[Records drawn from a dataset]
● ● ● ● ● ● ●
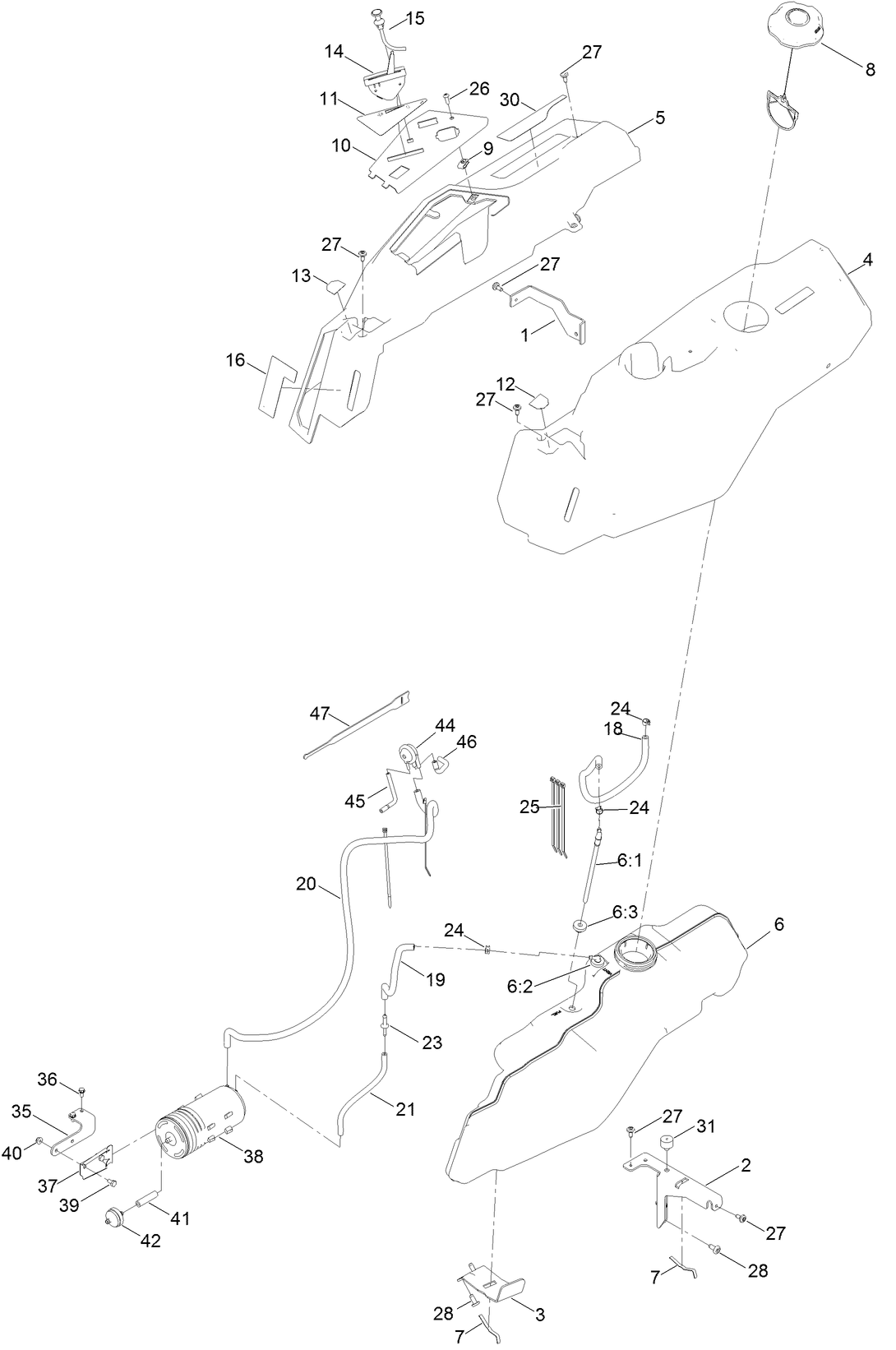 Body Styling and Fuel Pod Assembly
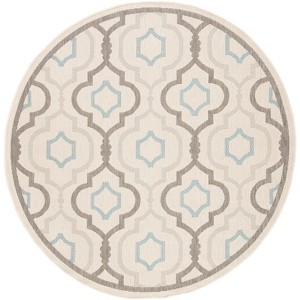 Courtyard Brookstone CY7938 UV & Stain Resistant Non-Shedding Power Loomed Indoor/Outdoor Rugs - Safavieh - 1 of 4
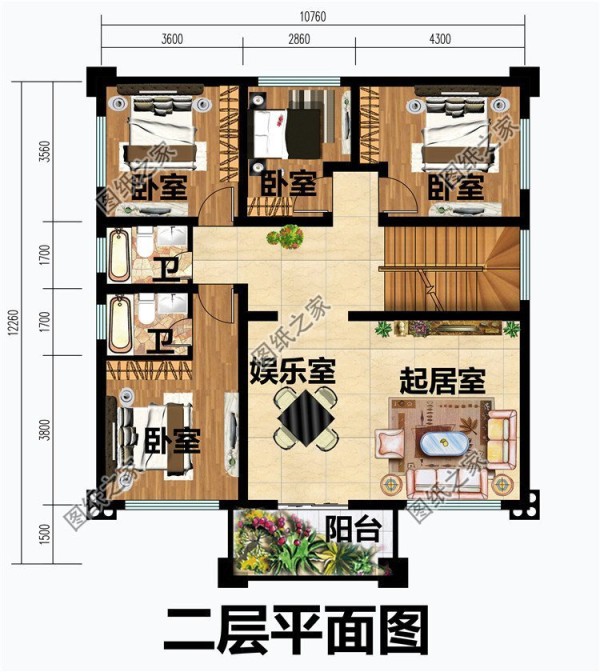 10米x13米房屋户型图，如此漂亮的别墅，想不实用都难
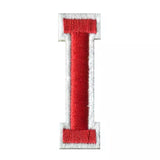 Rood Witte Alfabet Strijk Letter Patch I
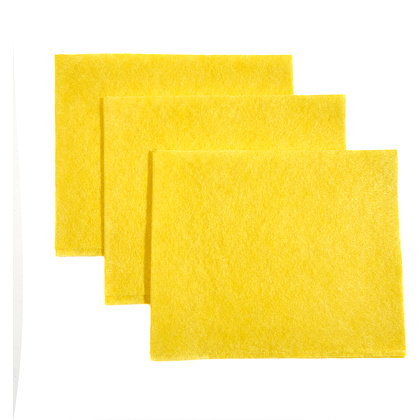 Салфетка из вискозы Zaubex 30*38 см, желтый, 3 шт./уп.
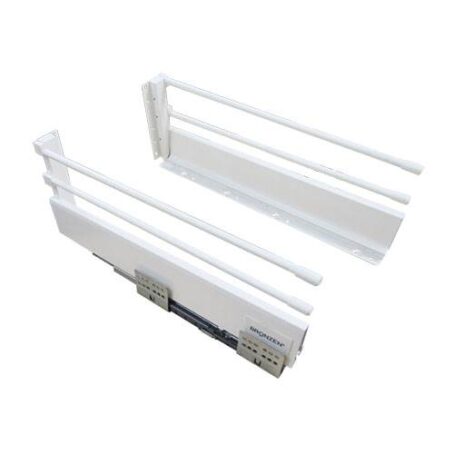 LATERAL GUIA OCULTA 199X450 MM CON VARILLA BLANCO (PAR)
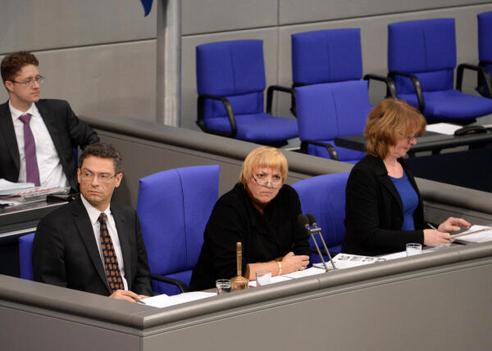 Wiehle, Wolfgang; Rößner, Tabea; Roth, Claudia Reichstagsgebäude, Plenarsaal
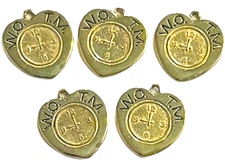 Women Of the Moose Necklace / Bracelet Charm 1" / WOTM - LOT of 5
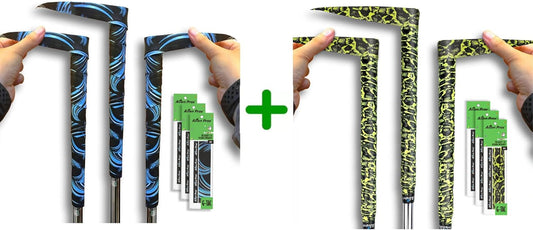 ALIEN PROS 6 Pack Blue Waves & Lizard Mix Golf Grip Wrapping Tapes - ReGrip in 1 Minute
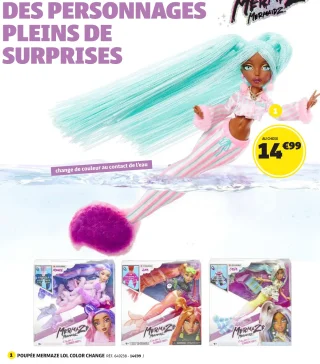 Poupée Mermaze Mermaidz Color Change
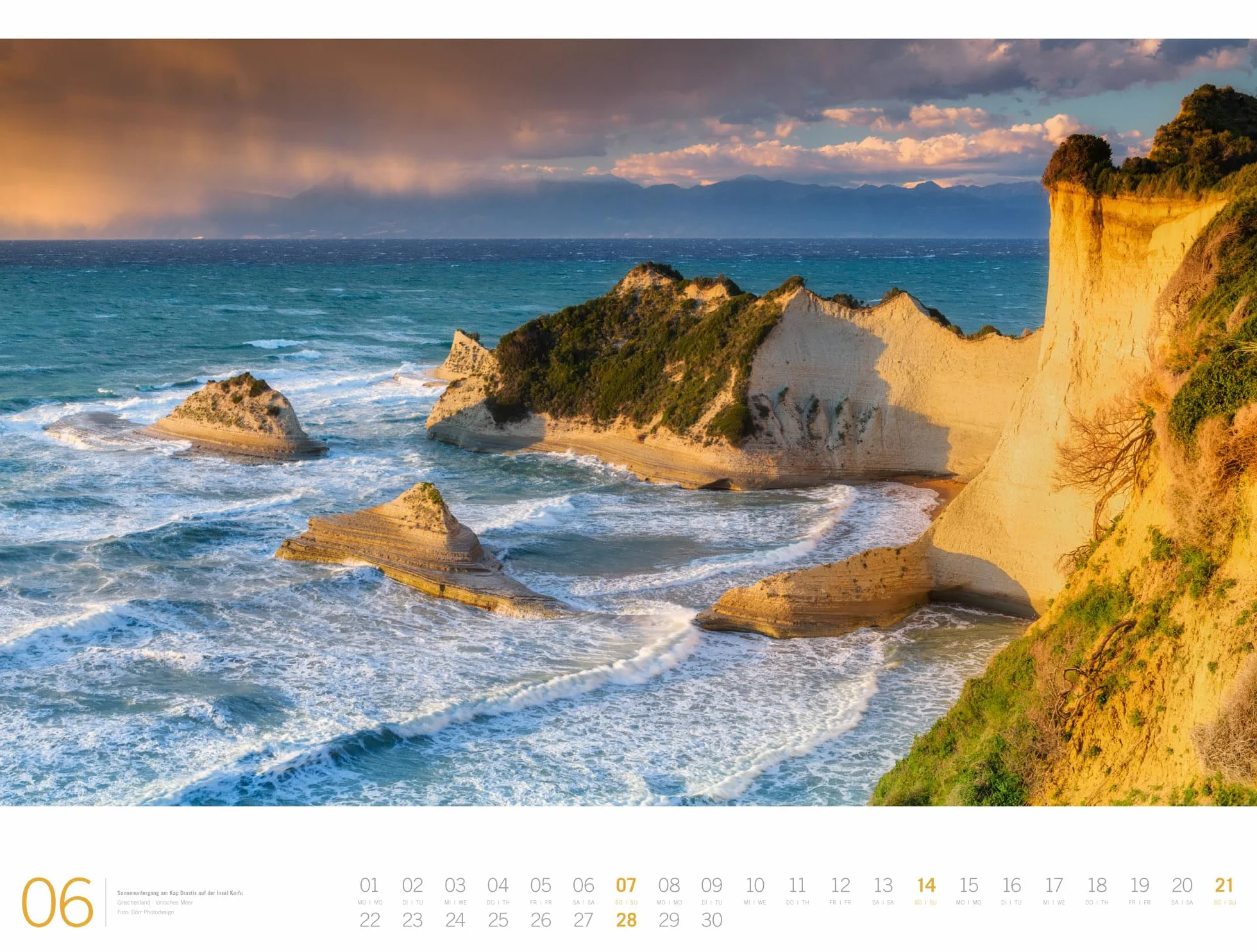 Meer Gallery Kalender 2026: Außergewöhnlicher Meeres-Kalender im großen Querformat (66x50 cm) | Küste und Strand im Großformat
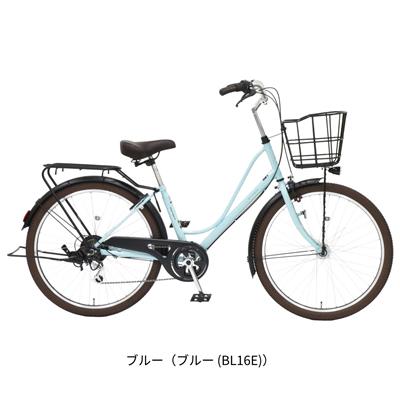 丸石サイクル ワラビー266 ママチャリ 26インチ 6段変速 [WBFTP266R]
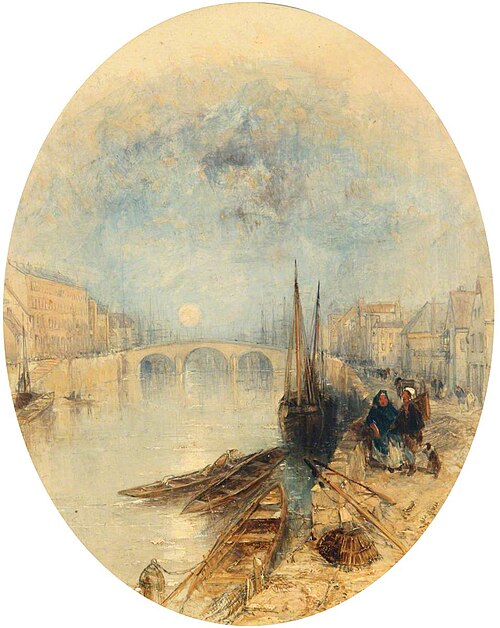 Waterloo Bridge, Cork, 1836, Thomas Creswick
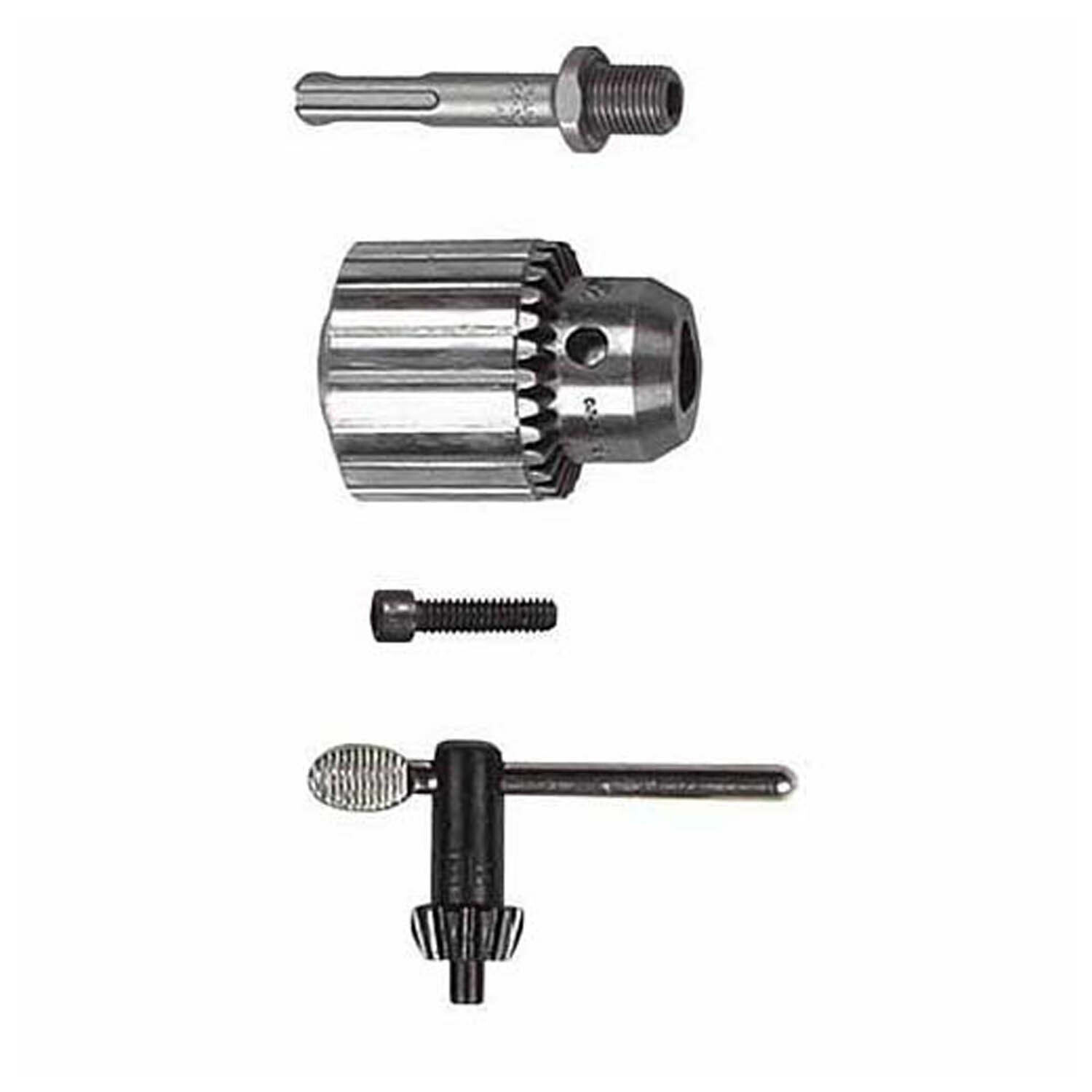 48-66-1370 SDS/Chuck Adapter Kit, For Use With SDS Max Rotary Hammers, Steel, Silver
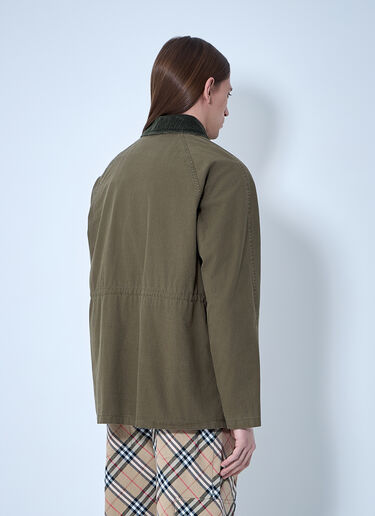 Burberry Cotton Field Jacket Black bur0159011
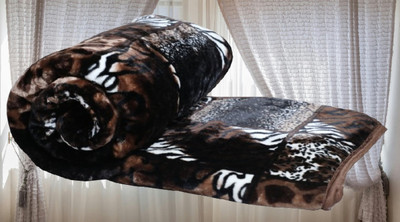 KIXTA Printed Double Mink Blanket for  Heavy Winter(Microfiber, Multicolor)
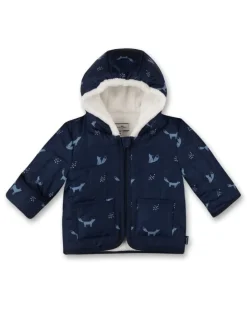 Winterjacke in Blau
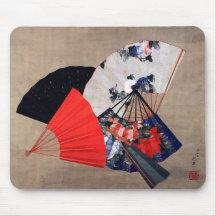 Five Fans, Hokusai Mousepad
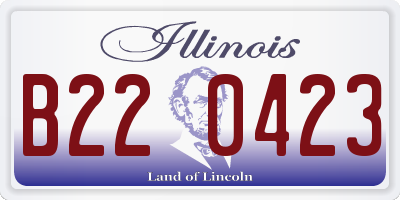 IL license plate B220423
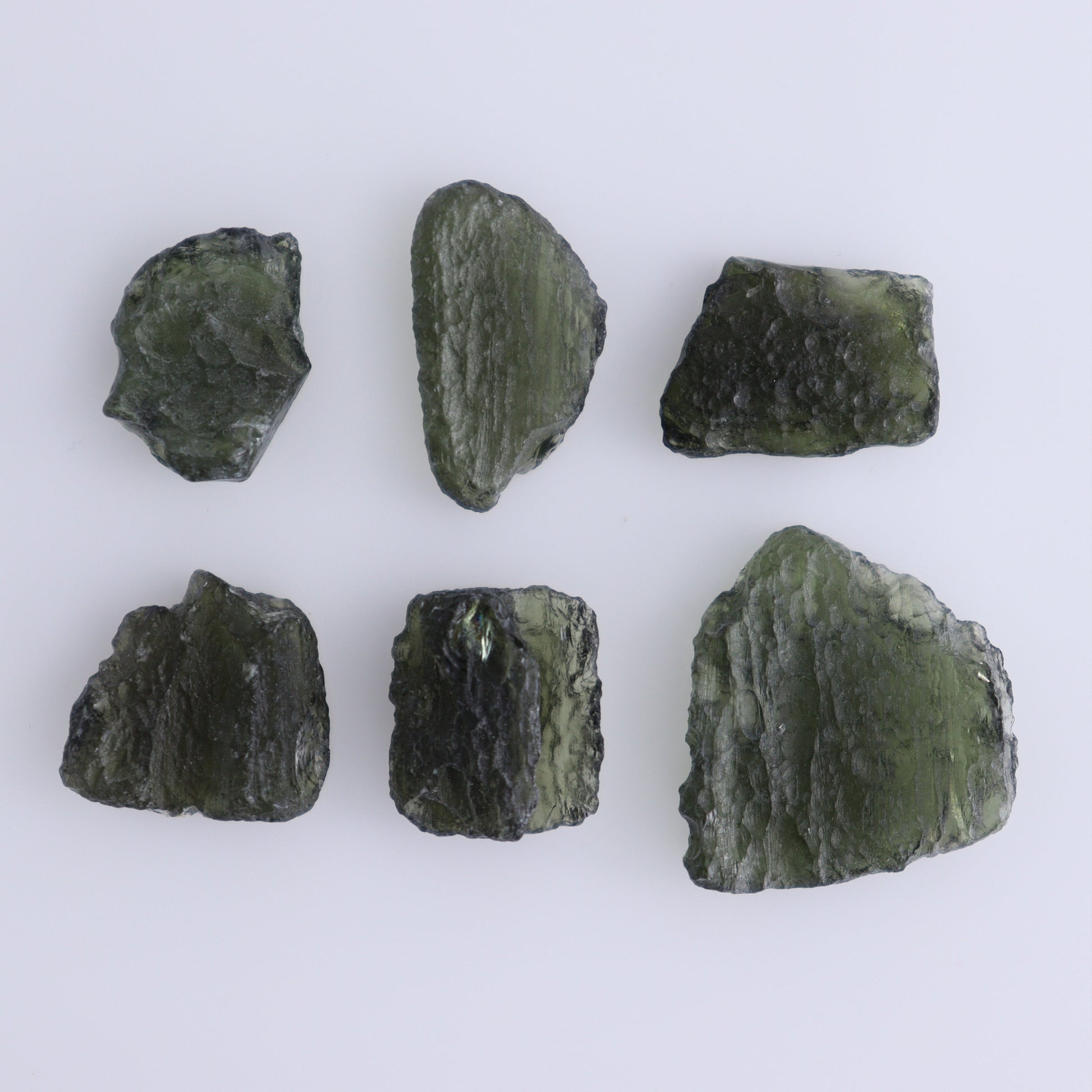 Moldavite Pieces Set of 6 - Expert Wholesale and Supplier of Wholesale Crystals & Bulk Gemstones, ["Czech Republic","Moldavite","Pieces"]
● ● ● ● ● ● ●
▶ **Activity**
Produce an exact copy of every line above, with the images left out.

▶ **Response**
 Body Styling and Fuel Pod Assembly
 Courtyard Brookstone CY7938 UV & Stain Resistant Non-Shedding Power Loomed Indoor/Outdoor Rugs - Safavieh - 1 of 4
 10米x13米房屋户型图，如此漂亮的别墅，想不实用都难
 Rood Witte Alfabet Strijk Letter Patch I
 Салфетка из вискозы Zaubex 30*38 см, желтый, 3 шт./уп.
 LATERAL GUIA OCULTA 199X450 MM CON VARILLA BLANCO (PAR)
 Wiehle, Wolfgang; Rößner, Tabea; Roth, Claudia Reichstagsgebäude, Plenarsaal
 Women Of the Moose Necklace / Bracelet Charm 1" / WOTM - LOT of 5
 ALIEN PROS 6 Pack Blue Waves & Lizard Mix Golf Grip Wrapping Tapes - ReGrip in 1 Minute
 Poupée Mermaze Mermaidz Color Change
 Meer Gallery Kalender 2026: Außergewöhnlicher Meeres-Kalender im großen Querformat (66x50 cm) | Küste und Strand im Großformat
 丸石サイクル ワラビー266 ママチャリ 26インチ 6段変速 [WBFTP266R]
 Waterloo Bridge, Cork, 1836, Thomas Creswick
 48-66-1370 SDS/Chuck Adapter Kit, For Use With SDS Max Rotary Hammers, Steel, Silver
 Burberry Cotton Field Jacket Black bur0159011
 KIXTA Printed Double Mink Blanket for  Heavy Winter(Microfiber, Multicolor)
 Winterjacke in Blau
 Five Fans, Hokusai Mousepad
 IL license plate B220423
 Moldavite Pieces Set of 6 - Expert Wholesale and Supplier of Wholesale Crystals & Bulk Gemstones, ["Czech Republic","Moldavite","Pieces"]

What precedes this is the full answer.